Sendo assim, tendo para fins de consideração efetiva que é o menino rememorado o
protagonista recuperado na construção mnemônica de um narrador maduro, tem-se, nesse um
ano de sua infância, outra tensão, um atrito entre fronteiras, mais culturais do que
propriamente a física que compartem México e Estados Unidos. Estabelecida já sua migração
laboral e agrária em solo estadunidense, a família do menino protagonista traz, ainda,
entretanto, raízes culturais, raízes que invocam seu pertencimento do lado mexicano dessa
fronteira evocada a entrar em ...y no se lo tragó como problemática cultural.
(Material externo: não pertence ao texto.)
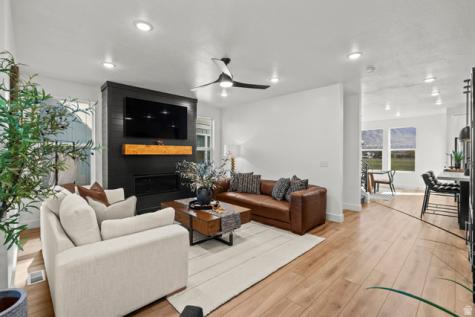 204 S 1700 W Pleasant Grove UT 84062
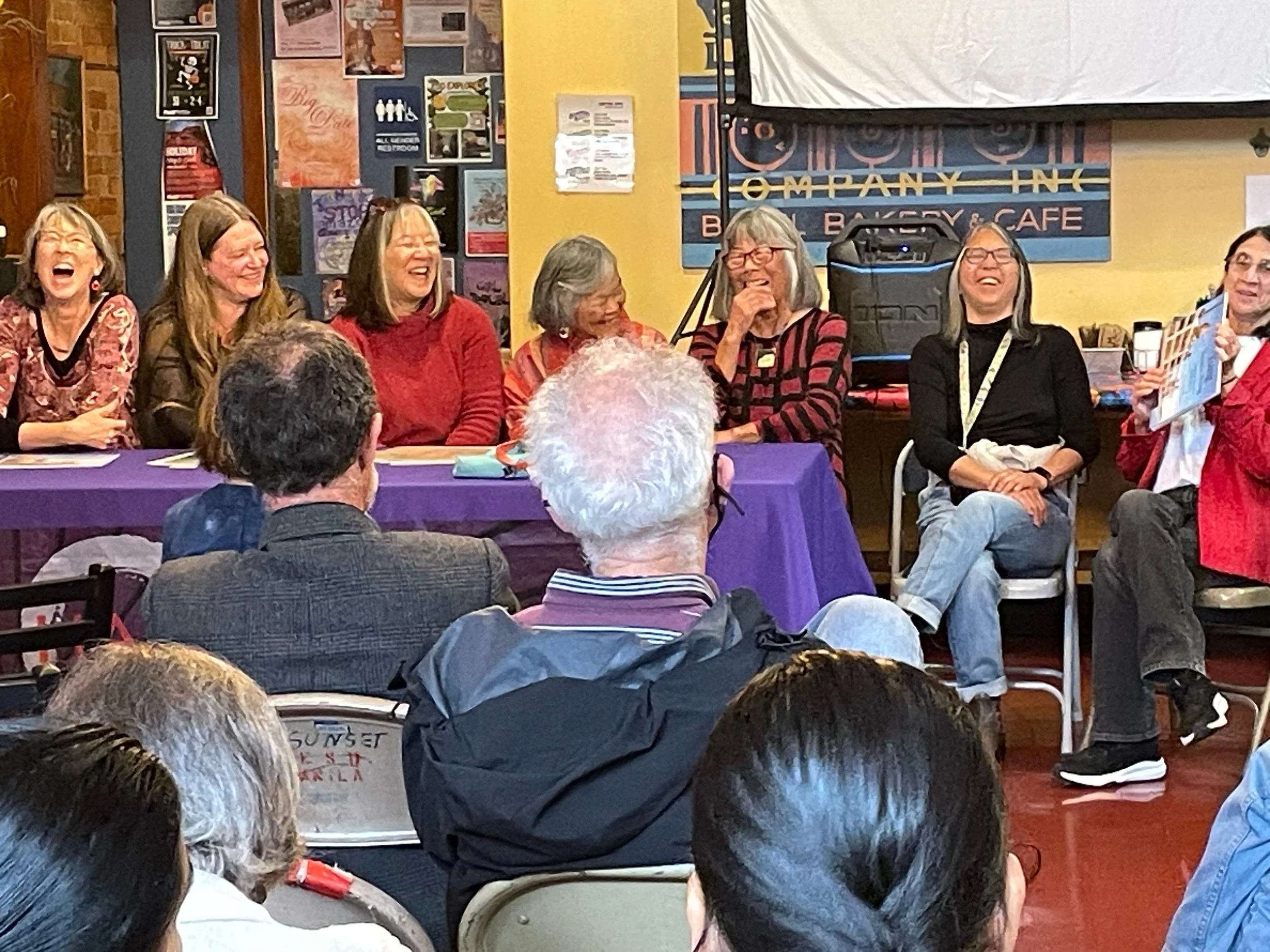 It was a good time at the book reading for Yung Stands Strong, generously hosted by @los_bagels in Eureka, CA yesterday. Another 50 copies went out the door! And the tour of historic Chinatown before the reading was really interesting. 

I&rsquo;m do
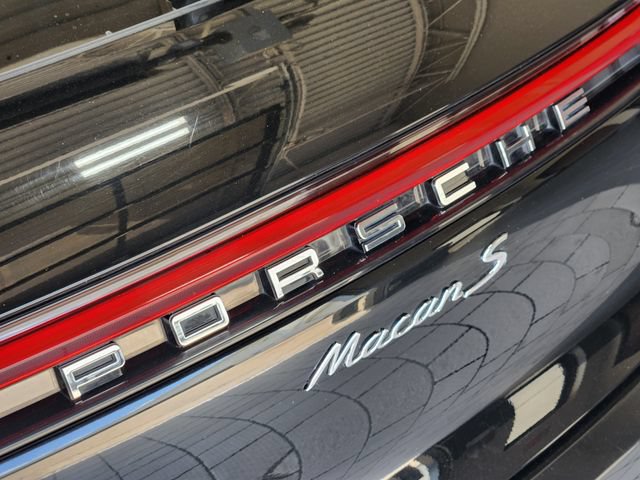 Used 2022 Porsche Macan S AWD/4WD image 8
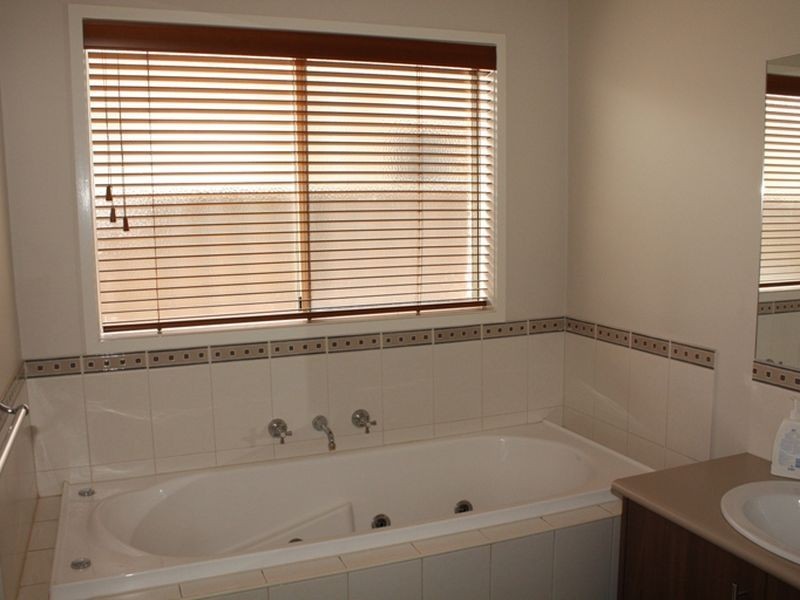 3 Barcoo Street, Wyndham Vale VIC 3024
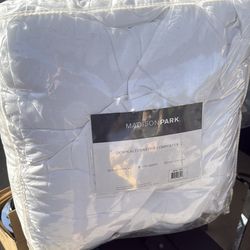 Madison Park Down Alternative Comforter
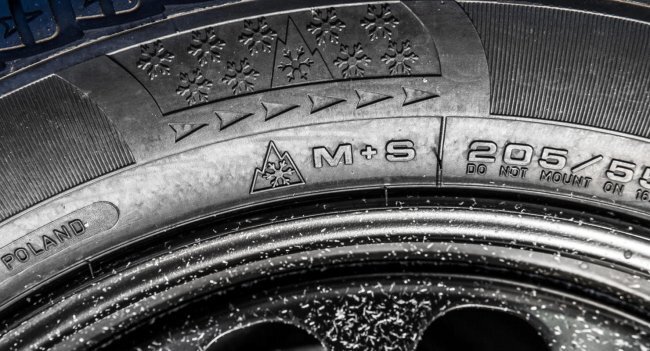 Шины, используемые в зимнее время года, должны иметь маркировку в виде снежинки на фоне вершины горы с тремя пиками, а остаточная глубина их протектора не должна быть меньше 4мм.
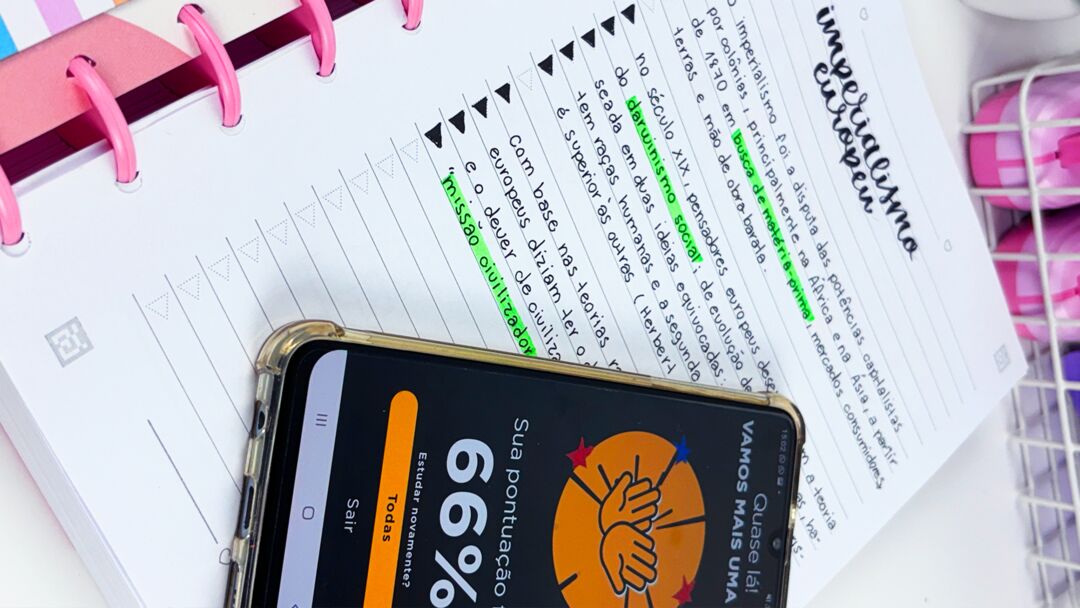 Caderno com lista de tarefas e celular mostrando pontuação.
Tal problemática
atravessa o menino, já seja no ano de sua vida, visto desde o aspecto de trabalho nas terras do
agronegócio norte-americano, nos campos de cultivo, já seja desde o aspecto de
confrontamento de suas raízes cosmogônicas, culturais, familiares e linguísticas desde um ano
letivo em um novo sistema, um novo “universo” onde eram outros os atributos que vigoravam
nas práticas majoritárias primeiromundistas estadunidenses (por exemplo, o inglês como
única língua no ambiente, no aparato escolar, e a submissão, práticas vexatórias de
menosprezo às minorias, dentre as quais as de mexicanos... e chicanos).
Assim, temos que: a inserção da figura de um “velho”, e sua estranha aceitação do
passado, a duras penas conseguida, apontam para um futuro em que suas antigas formas de
resistência já se transformaram, solidificando-se em afirmação identitária e em uma nova
forma de resistência às demandas do poder, tanto o originário do México quanto o
confrontado nos Estados Unidos. No entanto, tal afirmação não se dá antes sem
questionamento, sem que sejam desafiadas, sem que sejam feitas, na figura evocada e
construída do menino protagonista, certas interdições sobre sacralidades, sobre “tradições”.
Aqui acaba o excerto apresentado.